Start of Exercise materials
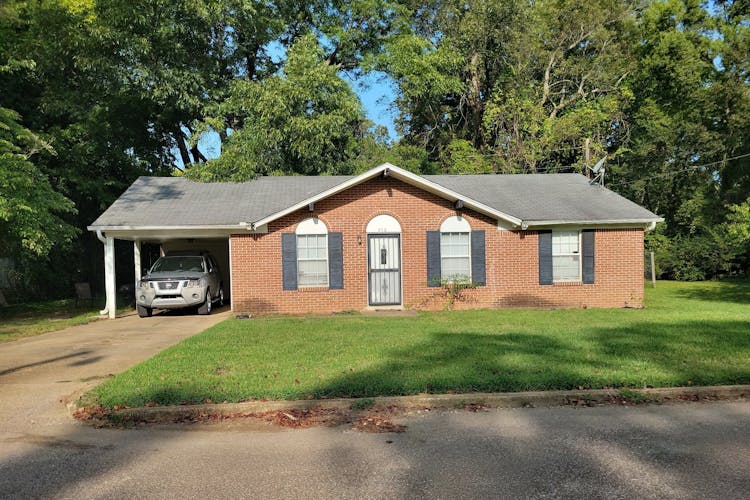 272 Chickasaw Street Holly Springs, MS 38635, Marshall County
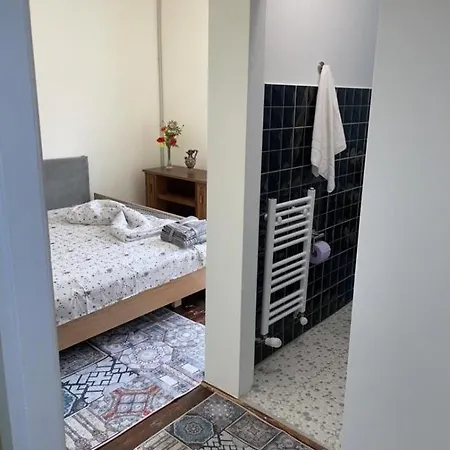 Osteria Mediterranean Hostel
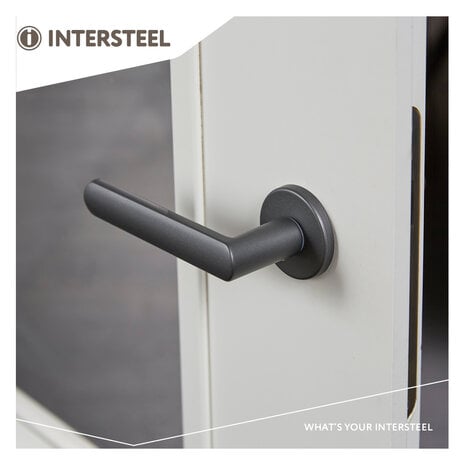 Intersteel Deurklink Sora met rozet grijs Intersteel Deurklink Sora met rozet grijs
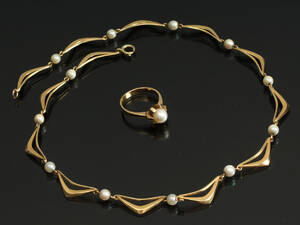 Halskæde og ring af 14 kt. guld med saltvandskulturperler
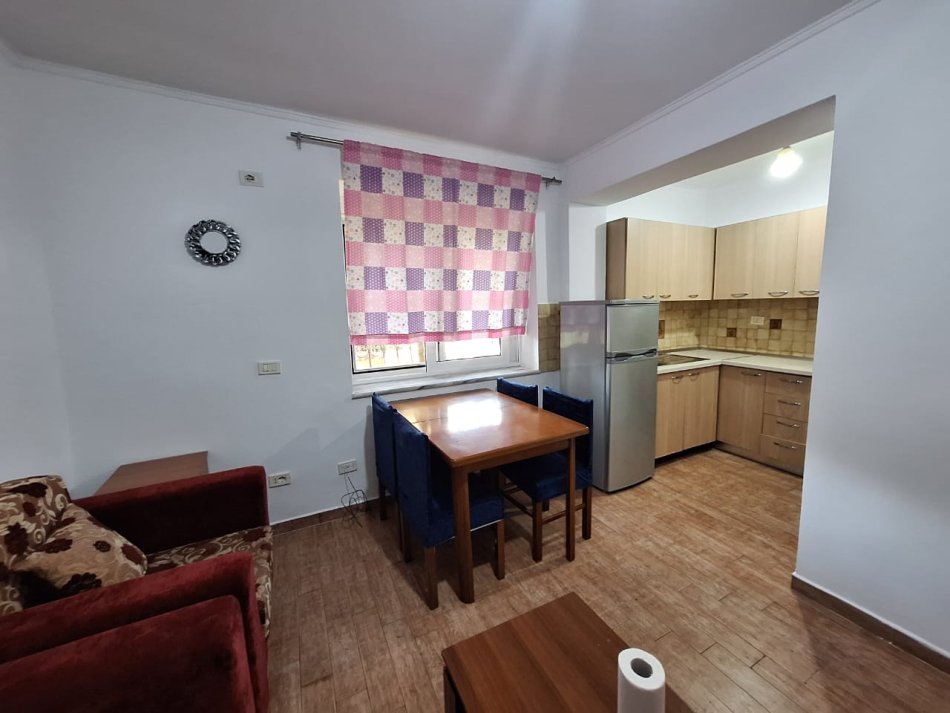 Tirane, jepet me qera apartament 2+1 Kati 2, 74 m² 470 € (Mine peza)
End of Exercise materials
Start of Exercise materials
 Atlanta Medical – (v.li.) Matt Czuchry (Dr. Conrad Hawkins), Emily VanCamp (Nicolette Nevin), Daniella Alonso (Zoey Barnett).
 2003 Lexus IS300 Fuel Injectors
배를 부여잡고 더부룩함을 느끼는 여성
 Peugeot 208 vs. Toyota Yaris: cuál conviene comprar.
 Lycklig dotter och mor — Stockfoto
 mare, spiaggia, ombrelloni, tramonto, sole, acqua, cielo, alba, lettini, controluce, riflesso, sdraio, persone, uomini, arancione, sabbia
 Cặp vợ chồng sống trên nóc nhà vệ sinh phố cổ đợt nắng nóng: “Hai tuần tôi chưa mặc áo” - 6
End of Exercise materials
Start of Exercise materials
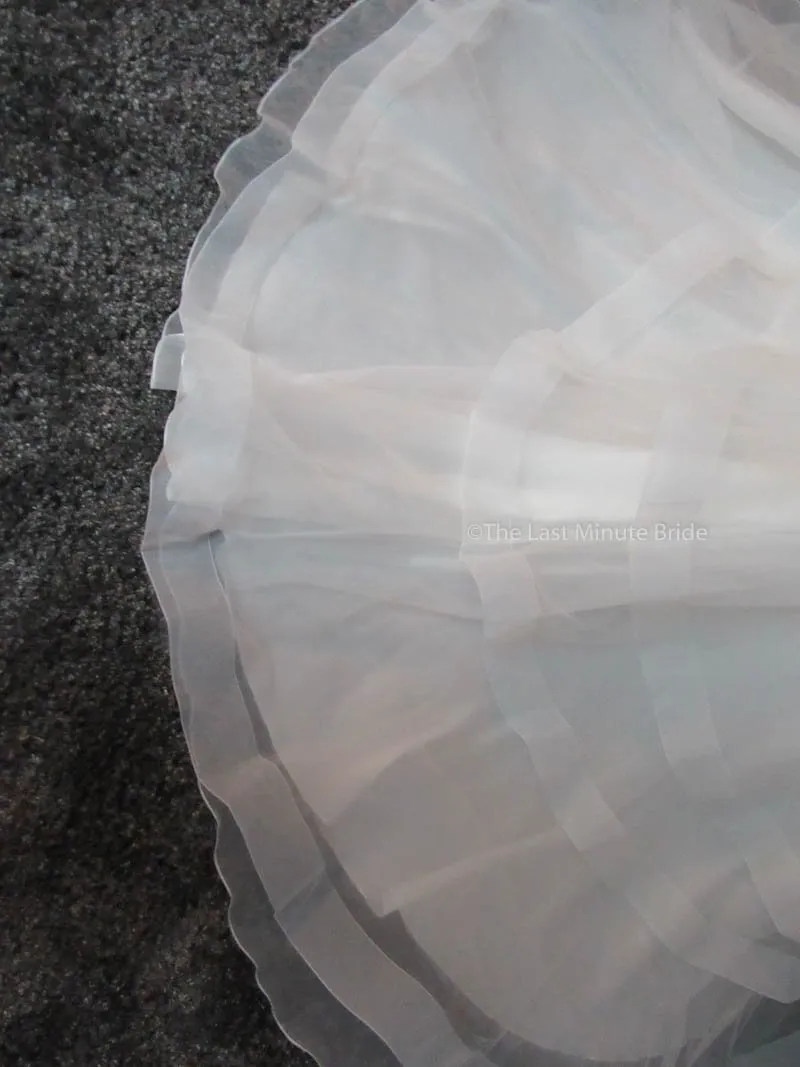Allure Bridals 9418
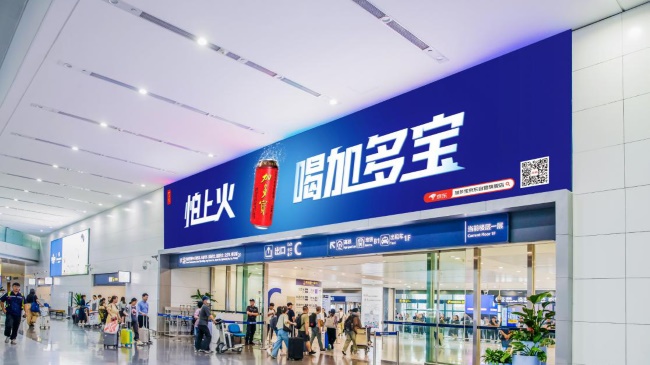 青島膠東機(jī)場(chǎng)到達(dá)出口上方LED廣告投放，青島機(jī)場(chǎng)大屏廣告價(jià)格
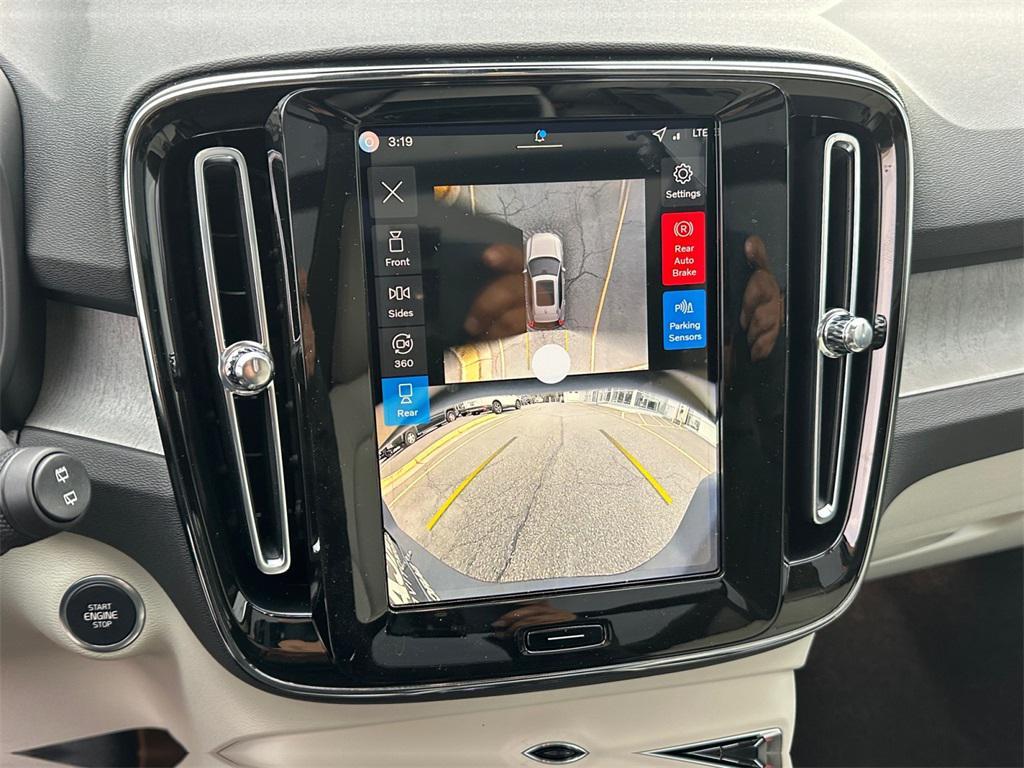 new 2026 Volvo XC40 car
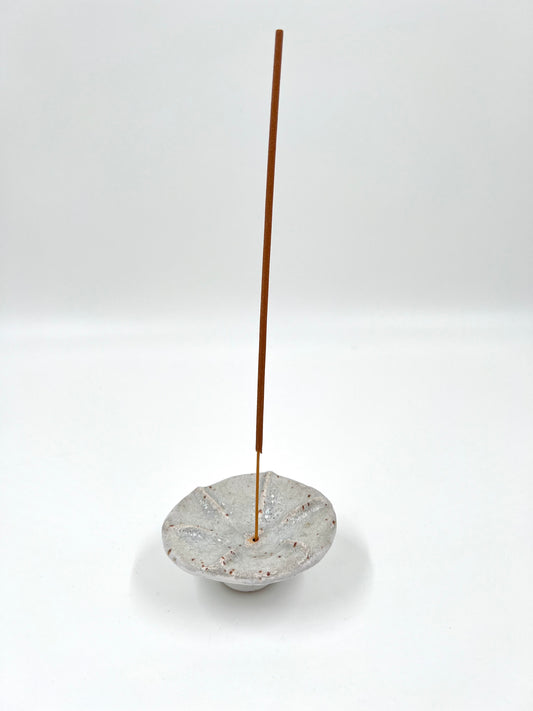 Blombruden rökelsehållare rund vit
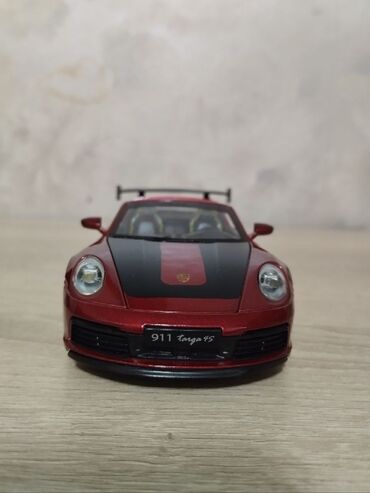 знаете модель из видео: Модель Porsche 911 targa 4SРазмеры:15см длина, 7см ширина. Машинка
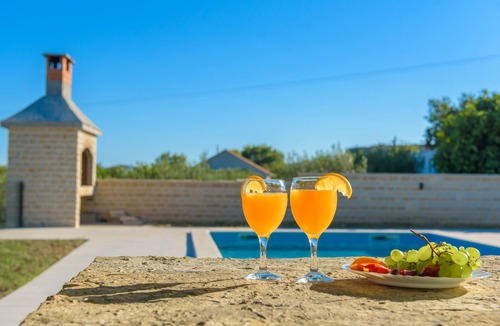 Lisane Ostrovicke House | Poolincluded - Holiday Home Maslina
End of Exercise materials
Assignment – Only one stretch of the data is wanted: write out exactly the lines from the one holding "Intersteel Deurklink Sora met rozet grijs Intersteel" through the one holding "Tirane, jepet me", both included, without the pictures.

Completed task –
 Intersteel Deurklink Sora met rozet grijs Intersteel Deurklink Sora met rozet grijs
 Halskæde og ring af 14 kt. guld med saltvandskulturperler
 Tirane, jepet me qera apartament 2+1 Kati 2, 74 m² 470 € (Mine peza)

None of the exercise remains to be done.